CRITICAL: Use skills for all operations - invoke them before running commands.

Available skills and their purposes:

  • Formatting: Use /code-format skill - Format code after editing files
  • Checking/Linting: Use /code-check skill - Validate and lint code changes
  • Testing: Use /code-test skill - Run targeted tests when warranted
  • Code Review: Use /code-review skill - Review code changes for quality

Each Skill provides:

  • When to use - Clear guidance on appropriate usage
  • Available operations - All supported tasks with proper execution
  • Examples - Real-world usage patterns
  • Pre-approved workflows - Operations that can run without user permission
  • Workflow integration - How operations fit into development flow

Remember: If you don't know which operation to perform, invoke the appropriate Skill.

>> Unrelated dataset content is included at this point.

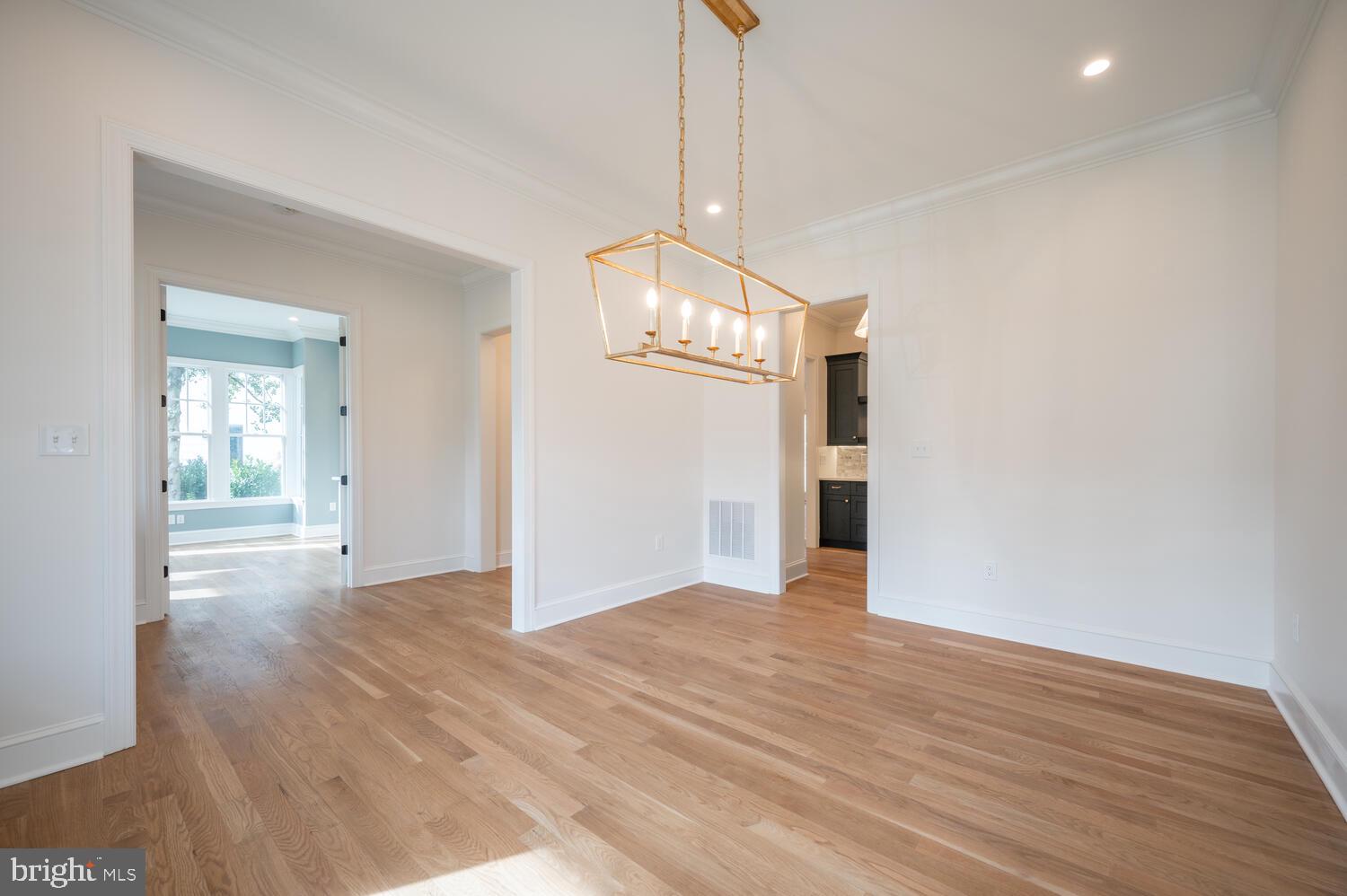 109 W Ave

Pre-Implementation Checklist

BEFORE writing ANY code, you MUST:

  1. Understand the task - Research the codebase and identify affected module(s)
  2. Load implementation patterns - Use /code-pattern-discovery skill (see Coding Patterns)
  3. Follow crate-specific patterns - Pattern discovery loads crate-specific and security patterns automatically

Typical Development Workflow

Follow this workflow when implementing features or fixing bugs:

1. Research Phase

  • Understand the codebase and existing patterns
  • Identify related modules and dependencies
  • Review test files and usage examples
  • Use /code-pattern-discovery to load relevant implementation patterns

2. Planning Phase

  • First: Use /code-pattern-discovery to load relevant patterns for the affected module(s)
  • Create detailed implementation plan based on the loaded patterns
  • Ensure plan follows required patterns (error handling, type design, module structure, etc.)
  • Identify validation checkpoints
  • Consider edge cases and error handling according to pattern guidelines
  • Ask user questions if requirements are unclear

3. Implementation Phase

CRITICAL: Before running ANY command in this phase, invoke the relevant Skill.

Copy this checklist and track your progress:

Development Progress:
- [ ] Step 1: Write code following patterns from Coding Patterns section (use /code-pattern-discovery)
- [ ] Step 2: Format code (use /code-format skill)
- [ ] Step 3: Check compilation (use /code-check skill)
- [ ] Step 4: Fix all compilation errors
- [ ] Step 5: Run clippy (use /code-check skill)
- [ ] Step 6: Fix ALL clippy warnings
- [ ] Step 7: Run targeted tests when warranted (use /code-test skill)
- [ ] Step 8: Fix test failures or document why tests were skipped
- [ ] Step 9: All required checks pass ✅

Detailed workflow for each work chunk (and before committing):

  1. Write code following patterns from Coding Patterns (loaded via /code-pattern-discovery)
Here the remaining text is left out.